All lines from the one that contains "Tiny photo for" to the end of the data must be retyped exactly. Pictures are not retyped.
Data supplied Start Marker
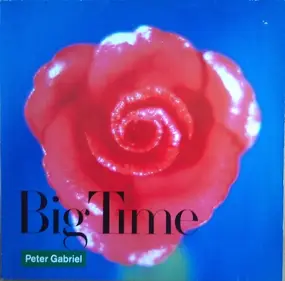 Peter Gabriel - Big Time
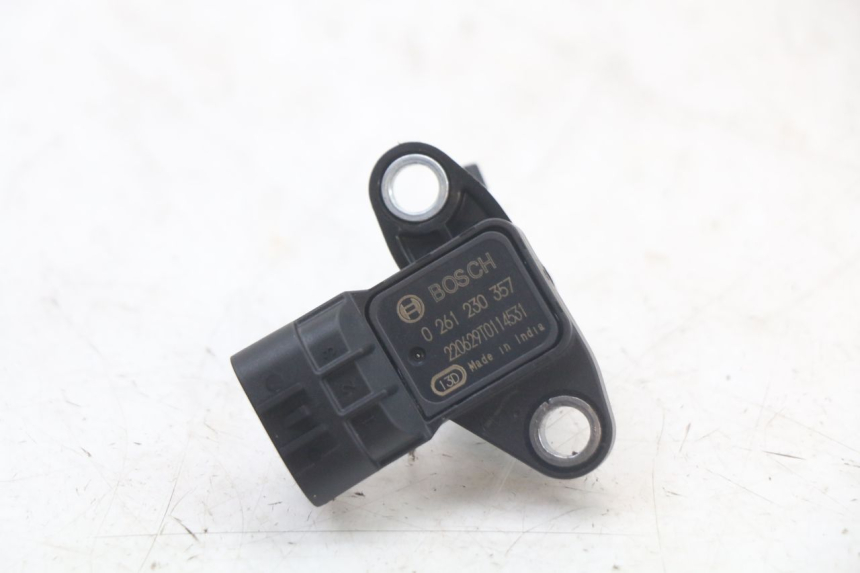 photo de SONDA DE PRESSÃO DE AR ROYAL ENFIELD CONTINENTAL GT 650 (2019 - 2024) - Zoom do estado de desgaste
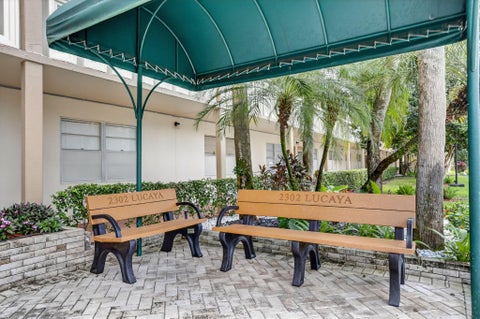 Tiny photo for 2302 Lucaya Lane #O1, Coconut Creek, FL 33066 (MLS # F10536398)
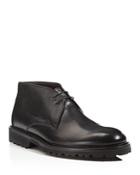 To Boot New York Jesse Pebbled Chukka Boots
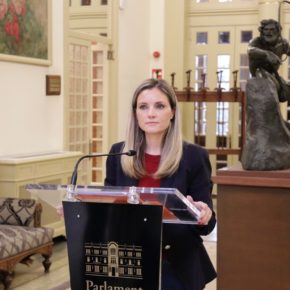 Guasp: "Dudamos que Armengol haya pedido ayuda al Gobierno central cuando no ha sido capaz de reclamar los 78 millones del IVA de 2017"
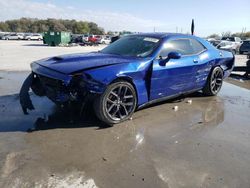 Salvage cars for sale at Apopka, FL auction: 2021 Dodge Challenger GT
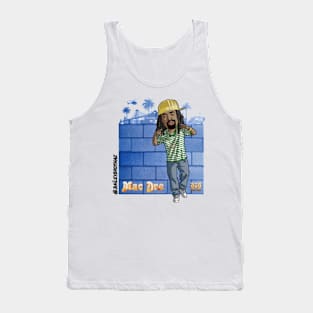 Mac dre Tank Top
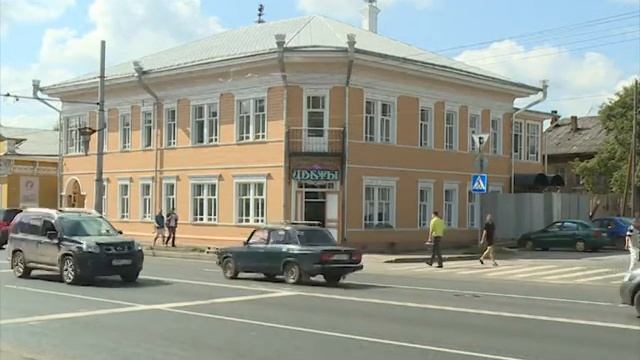 Памятник деревянного зодчества в Вологде спасен от разрушения смотреть онлайн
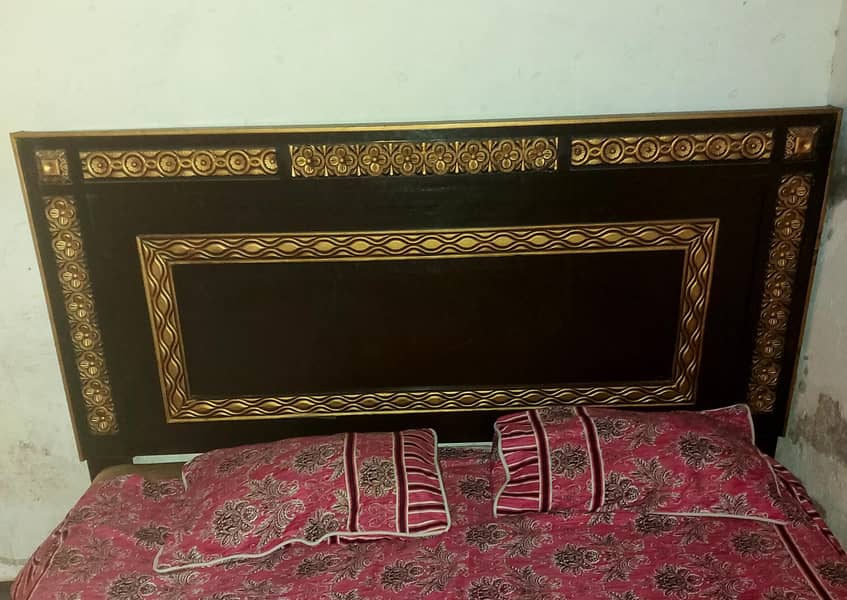 Dubble Bed 1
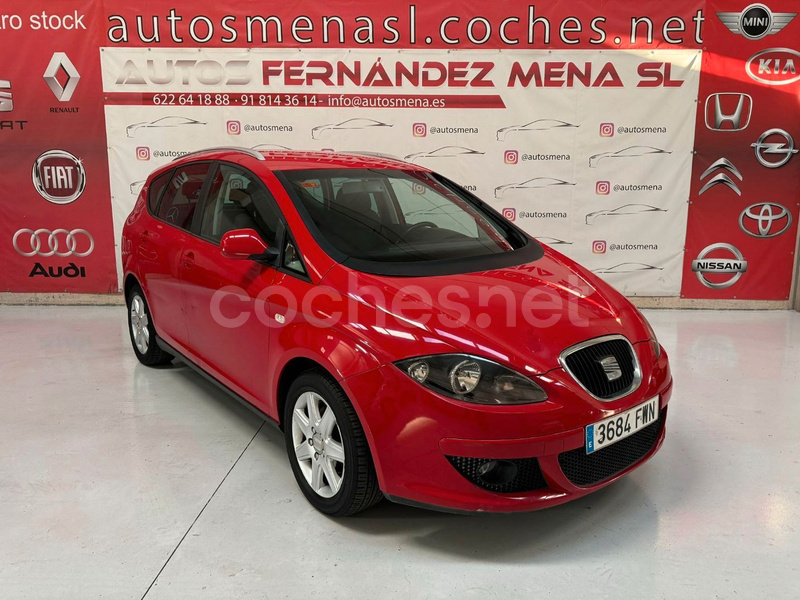 SEAT Altea XL 1.9 TDI Stylance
Data supplied End Marker
Exercise result ->
 Tiny photo for 2302 Lucaya Lane #O1, Coconut Creek, FL 33066 (MLS # F10536398)
 To Boot New York Jesse Pebbled Chukka Boots
 Guasp: "Dudamos que Armengol haya pedido ayuda al Gobierno central cuando no ha sido capaz de reclamar los 78 millones del IVA de 2017"
 Salvage cars for sale at Apopka, FL auction: 2021 Dodge Challenger GT
 Mac dre Tank Top
 Памятник деревянного зодчества в Вологде спасен от разрушения смотреть онлайн
 Dubble Bed 1
 SEAT Altea XL 1.9 TDI Stylance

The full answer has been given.